▶ Requirement: Look below for the line containing "Fauteuil inclinable de" and the line containing "YQL 10x12 Inch"; repeat exactly those two lines and all lines between them, and nothing else.
:: Entries shown ::
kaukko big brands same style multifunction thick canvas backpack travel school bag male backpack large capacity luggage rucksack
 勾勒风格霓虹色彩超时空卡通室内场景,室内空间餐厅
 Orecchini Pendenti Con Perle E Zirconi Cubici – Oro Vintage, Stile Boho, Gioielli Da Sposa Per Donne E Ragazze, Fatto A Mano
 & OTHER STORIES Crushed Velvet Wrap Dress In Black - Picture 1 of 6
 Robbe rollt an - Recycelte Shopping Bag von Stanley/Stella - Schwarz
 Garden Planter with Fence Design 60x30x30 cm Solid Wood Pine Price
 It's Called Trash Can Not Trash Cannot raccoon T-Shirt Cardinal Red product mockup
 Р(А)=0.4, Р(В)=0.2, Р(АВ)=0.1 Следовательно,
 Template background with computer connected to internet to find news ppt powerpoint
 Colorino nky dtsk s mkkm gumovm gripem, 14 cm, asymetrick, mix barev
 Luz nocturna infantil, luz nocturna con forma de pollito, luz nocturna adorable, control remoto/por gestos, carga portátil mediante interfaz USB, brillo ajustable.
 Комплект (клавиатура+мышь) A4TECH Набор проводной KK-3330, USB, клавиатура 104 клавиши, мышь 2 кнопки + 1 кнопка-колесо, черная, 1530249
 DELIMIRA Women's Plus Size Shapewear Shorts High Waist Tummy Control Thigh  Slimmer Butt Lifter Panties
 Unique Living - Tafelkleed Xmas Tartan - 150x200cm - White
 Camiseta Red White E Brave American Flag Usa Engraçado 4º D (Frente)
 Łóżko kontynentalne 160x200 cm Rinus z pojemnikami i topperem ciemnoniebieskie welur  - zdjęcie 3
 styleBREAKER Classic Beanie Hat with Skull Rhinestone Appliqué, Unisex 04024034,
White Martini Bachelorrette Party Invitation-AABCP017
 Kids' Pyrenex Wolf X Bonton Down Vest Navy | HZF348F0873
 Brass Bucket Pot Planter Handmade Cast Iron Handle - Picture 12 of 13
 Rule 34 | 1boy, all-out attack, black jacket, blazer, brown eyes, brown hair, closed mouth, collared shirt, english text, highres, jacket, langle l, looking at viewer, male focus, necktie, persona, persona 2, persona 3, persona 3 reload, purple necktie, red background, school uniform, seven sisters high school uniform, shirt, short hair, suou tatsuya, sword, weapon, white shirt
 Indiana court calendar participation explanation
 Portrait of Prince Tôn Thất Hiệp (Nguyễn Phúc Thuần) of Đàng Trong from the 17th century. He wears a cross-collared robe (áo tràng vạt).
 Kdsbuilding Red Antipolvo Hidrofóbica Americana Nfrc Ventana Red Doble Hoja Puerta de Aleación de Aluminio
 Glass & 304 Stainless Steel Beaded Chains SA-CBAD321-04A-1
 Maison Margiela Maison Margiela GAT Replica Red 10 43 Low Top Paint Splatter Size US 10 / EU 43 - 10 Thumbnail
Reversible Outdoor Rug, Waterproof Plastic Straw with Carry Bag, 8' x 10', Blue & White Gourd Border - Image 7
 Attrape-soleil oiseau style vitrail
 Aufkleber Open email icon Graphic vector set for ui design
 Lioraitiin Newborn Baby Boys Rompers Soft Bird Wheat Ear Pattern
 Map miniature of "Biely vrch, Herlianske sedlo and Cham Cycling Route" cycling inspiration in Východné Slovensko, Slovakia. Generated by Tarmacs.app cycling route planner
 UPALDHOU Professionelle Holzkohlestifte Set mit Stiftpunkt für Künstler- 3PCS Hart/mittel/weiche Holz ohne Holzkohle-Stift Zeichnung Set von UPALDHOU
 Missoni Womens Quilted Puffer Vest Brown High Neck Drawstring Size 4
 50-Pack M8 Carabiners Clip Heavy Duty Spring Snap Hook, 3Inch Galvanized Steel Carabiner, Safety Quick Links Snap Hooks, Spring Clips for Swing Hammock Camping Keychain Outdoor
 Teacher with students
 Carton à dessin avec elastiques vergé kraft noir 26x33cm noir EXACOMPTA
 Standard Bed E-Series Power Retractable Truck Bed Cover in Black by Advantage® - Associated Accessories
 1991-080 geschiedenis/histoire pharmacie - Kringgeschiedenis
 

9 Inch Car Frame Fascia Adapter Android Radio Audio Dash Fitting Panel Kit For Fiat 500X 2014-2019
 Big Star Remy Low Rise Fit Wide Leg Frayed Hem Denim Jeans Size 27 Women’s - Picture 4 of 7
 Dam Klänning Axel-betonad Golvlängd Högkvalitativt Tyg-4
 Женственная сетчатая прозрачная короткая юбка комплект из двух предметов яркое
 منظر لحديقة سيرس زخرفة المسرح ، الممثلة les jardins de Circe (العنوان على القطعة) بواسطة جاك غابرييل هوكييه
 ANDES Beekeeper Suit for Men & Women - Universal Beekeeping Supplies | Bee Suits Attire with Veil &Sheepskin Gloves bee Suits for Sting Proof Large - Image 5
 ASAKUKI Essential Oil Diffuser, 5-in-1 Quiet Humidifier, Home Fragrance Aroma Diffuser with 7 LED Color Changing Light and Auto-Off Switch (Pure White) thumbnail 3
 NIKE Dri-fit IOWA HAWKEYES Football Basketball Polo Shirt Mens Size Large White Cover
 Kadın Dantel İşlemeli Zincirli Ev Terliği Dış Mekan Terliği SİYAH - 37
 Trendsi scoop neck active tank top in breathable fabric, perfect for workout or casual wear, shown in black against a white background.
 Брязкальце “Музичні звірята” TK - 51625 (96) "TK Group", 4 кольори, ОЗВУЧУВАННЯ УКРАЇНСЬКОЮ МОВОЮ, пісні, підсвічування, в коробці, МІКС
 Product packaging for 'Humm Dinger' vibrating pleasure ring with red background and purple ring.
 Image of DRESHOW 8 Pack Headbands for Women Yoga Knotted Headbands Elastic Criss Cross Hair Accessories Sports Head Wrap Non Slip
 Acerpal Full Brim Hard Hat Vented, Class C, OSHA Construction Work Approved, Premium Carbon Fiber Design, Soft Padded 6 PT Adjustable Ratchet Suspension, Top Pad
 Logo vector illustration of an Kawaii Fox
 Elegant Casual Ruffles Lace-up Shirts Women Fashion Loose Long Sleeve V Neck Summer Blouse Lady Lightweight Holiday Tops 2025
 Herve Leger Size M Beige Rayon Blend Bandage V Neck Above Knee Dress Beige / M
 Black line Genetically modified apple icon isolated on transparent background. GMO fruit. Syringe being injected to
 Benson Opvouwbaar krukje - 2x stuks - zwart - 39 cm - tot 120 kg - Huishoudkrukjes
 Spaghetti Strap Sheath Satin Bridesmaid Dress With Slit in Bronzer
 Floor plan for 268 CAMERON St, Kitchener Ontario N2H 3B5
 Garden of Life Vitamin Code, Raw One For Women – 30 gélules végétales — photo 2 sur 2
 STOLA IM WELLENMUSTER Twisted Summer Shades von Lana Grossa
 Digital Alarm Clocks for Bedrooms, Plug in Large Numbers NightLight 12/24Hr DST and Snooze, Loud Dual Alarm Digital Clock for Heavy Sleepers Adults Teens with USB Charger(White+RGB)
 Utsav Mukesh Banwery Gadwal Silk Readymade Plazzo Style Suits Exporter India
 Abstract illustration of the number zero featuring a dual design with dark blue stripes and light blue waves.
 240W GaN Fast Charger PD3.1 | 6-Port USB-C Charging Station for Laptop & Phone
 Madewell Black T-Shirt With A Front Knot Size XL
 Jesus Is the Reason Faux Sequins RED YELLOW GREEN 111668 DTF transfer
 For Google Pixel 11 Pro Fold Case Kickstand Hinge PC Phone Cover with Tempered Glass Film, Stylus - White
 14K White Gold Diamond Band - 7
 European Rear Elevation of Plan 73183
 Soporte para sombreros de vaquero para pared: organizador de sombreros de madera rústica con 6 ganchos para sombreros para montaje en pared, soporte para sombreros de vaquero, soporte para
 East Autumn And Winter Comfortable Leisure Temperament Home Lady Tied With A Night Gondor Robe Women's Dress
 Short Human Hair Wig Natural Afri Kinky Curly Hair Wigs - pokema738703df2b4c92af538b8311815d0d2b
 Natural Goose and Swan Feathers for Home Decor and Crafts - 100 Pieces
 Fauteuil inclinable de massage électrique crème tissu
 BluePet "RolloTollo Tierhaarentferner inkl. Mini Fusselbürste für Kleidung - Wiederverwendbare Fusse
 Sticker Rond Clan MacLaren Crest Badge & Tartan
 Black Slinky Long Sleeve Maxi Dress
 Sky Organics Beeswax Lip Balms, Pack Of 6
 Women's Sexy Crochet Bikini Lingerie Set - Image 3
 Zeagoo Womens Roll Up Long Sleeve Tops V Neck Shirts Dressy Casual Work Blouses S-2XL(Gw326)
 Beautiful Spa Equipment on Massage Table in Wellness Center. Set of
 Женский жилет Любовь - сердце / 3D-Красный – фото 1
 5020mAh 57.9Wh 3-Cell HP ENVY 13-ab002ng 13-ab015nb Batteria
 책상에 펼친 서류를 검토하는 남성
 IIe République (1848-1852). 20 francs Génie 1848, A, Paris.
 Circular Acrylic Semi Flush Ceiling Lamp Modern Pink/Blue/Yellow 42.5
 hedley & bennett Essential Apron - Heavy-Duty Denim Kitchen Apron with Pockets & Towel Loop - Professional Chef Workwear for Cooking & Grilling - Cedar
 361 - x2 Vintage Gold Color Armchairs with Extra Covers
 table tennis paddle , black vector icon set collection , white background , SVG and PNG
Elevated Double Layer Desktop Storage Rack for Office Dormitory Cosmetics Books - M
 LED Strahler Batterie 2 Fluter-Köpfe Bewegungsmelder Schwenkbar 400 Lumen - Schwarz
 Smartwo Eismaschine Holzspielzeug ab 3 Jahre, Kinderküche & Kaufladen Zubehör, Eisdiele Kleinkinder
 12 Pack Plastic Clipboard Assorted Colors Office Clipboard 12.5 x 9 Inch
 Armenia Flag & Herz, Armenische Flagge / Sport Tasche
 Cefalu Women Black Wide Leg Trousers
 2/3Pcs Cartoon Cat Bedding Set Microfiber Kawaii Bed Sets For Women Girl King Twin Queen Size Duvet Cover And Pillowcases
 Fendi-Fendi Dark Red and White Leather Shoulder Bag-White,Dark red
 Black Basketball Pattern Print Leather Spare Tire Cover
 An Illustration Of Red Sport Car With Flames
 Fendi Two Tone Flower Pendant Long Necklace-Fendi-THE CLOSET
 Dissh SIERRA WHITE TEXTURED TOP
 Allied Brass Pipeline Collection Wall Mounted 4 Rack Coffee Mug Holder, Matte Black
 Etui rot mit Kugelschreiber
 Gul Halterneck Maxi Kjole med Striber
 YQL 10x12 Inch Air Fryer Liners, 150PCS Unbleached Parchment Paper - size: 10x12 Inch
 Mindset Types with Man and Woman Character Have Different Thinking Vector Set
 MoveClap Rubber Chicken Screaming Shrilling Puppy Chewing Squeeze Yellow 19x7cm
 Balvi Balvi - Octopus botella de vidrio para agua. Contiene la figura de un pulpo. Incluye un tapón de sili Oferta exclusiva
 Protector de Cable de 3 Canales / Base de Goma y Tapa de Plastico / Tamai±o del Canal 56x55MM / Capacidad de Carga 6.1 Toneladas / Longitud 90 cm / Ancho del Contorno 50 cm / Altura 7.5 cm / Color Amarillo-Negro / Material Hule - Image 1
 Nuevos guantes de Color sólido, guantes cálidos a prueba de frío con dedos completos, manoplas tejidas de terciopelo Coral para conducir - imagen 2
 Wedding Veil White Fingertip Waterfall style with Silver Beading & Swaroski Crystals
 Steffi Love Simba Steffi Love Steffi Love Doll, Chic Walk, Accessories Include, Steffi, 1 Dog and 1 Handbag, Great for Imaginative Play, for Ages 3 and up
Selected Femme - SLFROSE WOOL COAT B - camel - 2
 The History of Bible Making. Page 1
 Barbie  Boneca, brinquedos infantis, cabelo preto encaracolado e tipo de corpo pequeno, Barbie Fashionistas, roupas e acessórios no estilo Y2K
:::
▶ Task answer:
 Fauteuil inclinable de massage électrique crème tissu
 BluePet "RolloTollo Tierhaarentferner inkl. Mini Fusselbürste für Kleidung - Wiederverwendbare Fusse
 Sticker Rond Clan MacLaren Crest Badge & Tartan
 Black Slinky Long Sleeve Maxi Dress
 Sky Organics Beeswax Lip Balms, Pack Of 6
 Women's Sexy Crochet Bikini Lingerie Set - Image 3
 Zeagoo Womens Roll Up Long Sleeve Tops V Neck Shirts Dressy Casual Work Blouses S-2XL(Gw326)
 Beautiful Spa Equipment on Massage Table in Wellness Center. Set of
 Женский жилет Любовь - сердце / 3D-Красный – фото 1
 5020mAh 57.9Wh 3-Cell HP ENVY 13-ab002ng 13-ab015nb Batteria
 책상에 펼친 서류를 검토하는 남성
 IIe République (1848-1852). 20 francs Génie 1848, A, Paris.
 Circular Acrylic Semi Flush Ceiling Lamp Modern Pink/Blue/Yellow 42.5
 hedley & bennett Essential Apron - Heavy-Duty Denim Kitchen Apron with Pockets & Towel Loop - Professional Chef Workwear for Cooking & Grilling - Cedar
 361 - x2 Vintage Gold Color Armchairs with Extra Covers
 table tennis paddle , black vector icon set collection , white background , SVG and PNG
Elevated Double Layer Desktop Storage Rack for Office Dormitory Cosmetics Books - M
 LED Strahler Batterie 2 Fluter-Köpfe Bewegungsmelder Schwenkbar 400 Lumen - Schwarz
 Smartwo Eismaschine Holzspielzeug ab 3 Jahre, Kinderküche & Kaufladen Zubehör, Eisdiele Kleinkinder
 12 Pack Plastic Clipboard Assorted Colors Office Clipboard 12.5 x 9 Inch
 Armenia Flag & Herz, Armenische Flagge / Sport Tasche
 Cefalu Women Black Wide Leg Trousers
 2/3Pcs Cartoon Cat Bedding Set Microfiber Kawaii Bed Sets For Women Girl King Twin Queen Size Duvet Cover And Pillowcases
 Fendi-Fendi Dark Red and White Leather Shoulder Bag-White,Dark red
 Black Basketball Pattern Print Leather Spare Tire Cover
 An Illustration Of Red Sport Car With Flames
 Fendi Two Tone Flower Pendant Long Necklace-Fendi-THE CLOSET
 Dissh SIERRA WHITE TEXTURED TOP
 Allied Brass Pipeline Collection Wall Mounted 4 Rack Coffee Mug Holder, Matte Black
 Etui rot mit Kugelschreiber
 Gul Halterneck Maxi Kjole med Striber
 YQL 10x12 Inch Air Fryer Liners, 150PCS Unbleached Parchment Paper - size: 10x12 Inch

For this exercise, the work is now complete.